L’artista, che negli anni Settanta aveva avuto esperienze lavorative in istituzioni museali importanti, come il Metropolitan Museum of Art e l’American Museum of Natural History, nella seconda metà degli anni Ottanta aveva creato una serie di “finti musei” in luoghi del tutto estranei alla pratica espositiva.
In questo caso, invece, aveva, per la prima volta, a sua completa disposizione un ambiente istituzionale da sovvertire a suo piacimento, costruendo una vera e propria messa in scena con l’ausilio di tutti gli strumenti che i musei adoperano per allestire, comprese delle finte didascalie.
Questi dispositivi servivano all’artista-curatore per articolare il suo discorso critio contro gli stereotipi sul razzismo e i processi di manipolazione della verità che si trovano costantemente all’interno dell’industria culturale.
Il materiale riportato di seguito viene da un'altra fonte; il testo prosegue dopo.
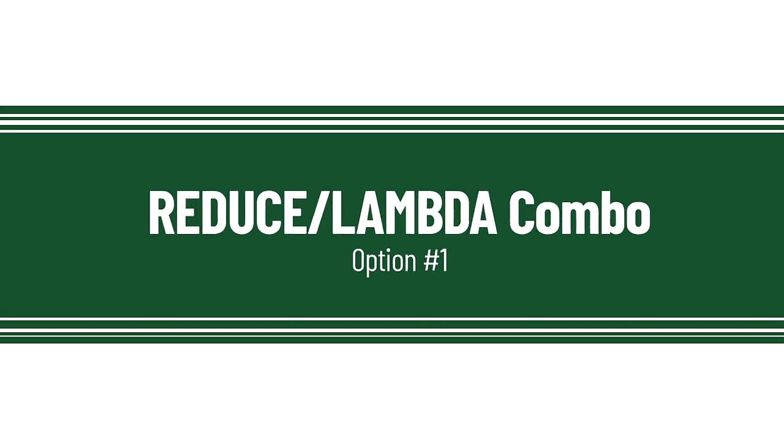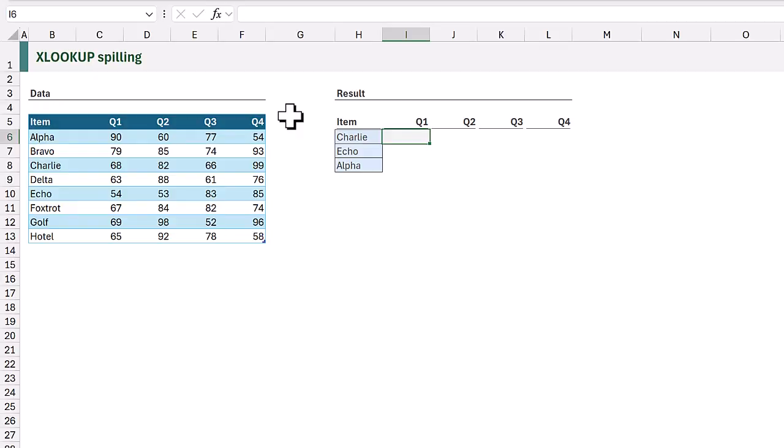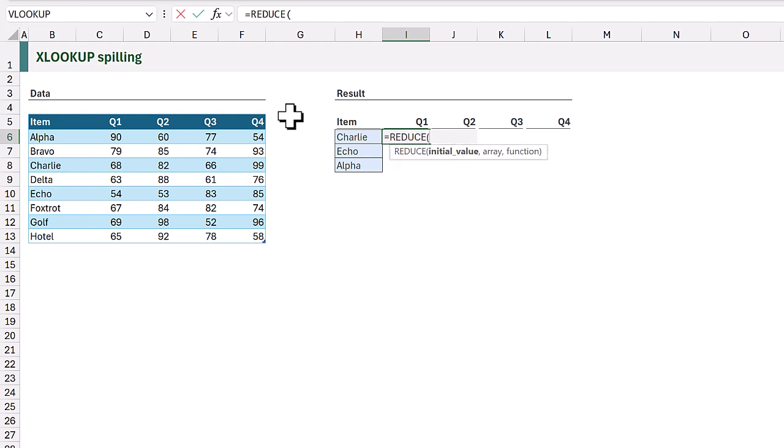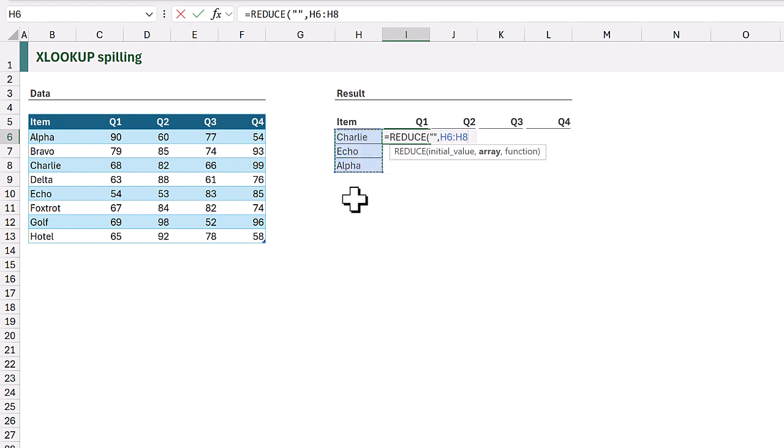The first method that we're looking at uses a lambda and reduce combination. In cell I6 I'll type equals reduce. Reduce forces us to start with an initial value. For this I'm just going to enter an empty text string. Then the second argument is the array. These are the items that we want to loop over. We want to loop over the range H6 to H8. So it will perform a calculation for each of those values. Then we come to the function argument and for this we're going to use a lambda function.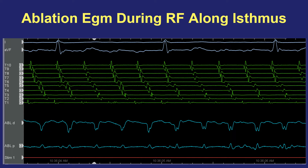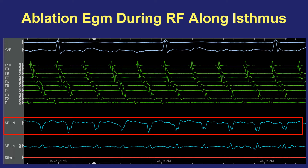Another useful piece of information during energy application is watching for the development of a double potential. During atrial flutter ablation, a signal that starts as a single electrogram and then begins to split into a double potential suggests a line of block is forming on the cavo-tricuspid isthmus. The wider the double potential, the more it suggests complete block at that location—so you'd search for a single bipolar potential instead of a wide-spaced double if looking for a gap in the ablation line.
Conservando un delizioso sense of humour, Wilson ci guida, dunque, nel passato, alla scoperta delle radici di alcune delle problematiche che ancora oggi scuotono il mondo contemporaneo.
Il lavoro di Wilson, in un certo senso, rappresenta una sintesi dei due concetti di vita attiva e vita contemplativa: egli sceglie lo strumento della contemplazione, della ricerca storica e intellettuale per provocare lo spettatore e obbligarlo a riflettere, ed allo stesso tempo con la sua azione artistica mira a generare correnti di cambiamento in contesti istituzionali e sociali.